The music is a glasshouse on the slope
where the stones fly, the stones roll.
And the stones roll right through
but each pane stays whole.
The Half-Finished Heaven
Despondency breaks off its course.r />
Anguish breaks off its course.
The vulture breaks off its flight.
The eager light streams out,
even the ghosts take a draft.
And our paintings see daylight,
our red beasts of the Ice Age studios.
Everything begins to look around.
We walk in the sun in hundreds.
Each man is a half-open door
leading to a room for everyone.
The endless ground under us.
The water is shining among the trees.
The lake is a window into the earth.
Nocturne
I drive through a village at night, the houses rise up
in the glare of my headlights—they’re awake, want to drink.

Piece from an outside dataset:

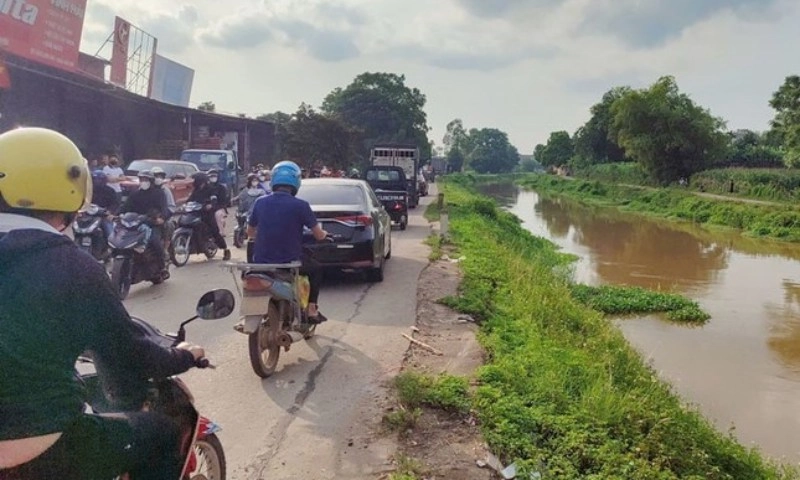 Thái Nguyên: Phát hiện một thi thể nam giới phân hủy ở kênh đào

Houses, barns, signs, abandoned vehicles—now
they clothe themselves in Life. —The people are sleeping:
some can sleep peacefully, others have drawn features
as if training hard for eternity.
They don’t dare let go though their sleep is heavy.
They rest like lowered crossing barriers when the mystery draws past.
Outside the village the road stretches far among the forest trees.
And the trees the trees keeping silence in concord with each other.
They have a theatrical color, like firelight.
How distinct each leaf! They follow me home.
I lie down to sleep, I see strange pictures
and signs scribbling themselves behind my eyelids
on the wall of the dark. Into the slit between wakefulness and dream
a large letter tries to push itself in vain.
A Winter Night
The storm puts its mouth to the house
and blows to produce a note.
I sleep uneasily, turn, with shut eyes
read the storm’s text.
But the child’s eyes are large in the dark
and for the child the storm howls.
Both are fond of lamps that swing.
Both are halfway toward speech.
The storm has childish hands and wings.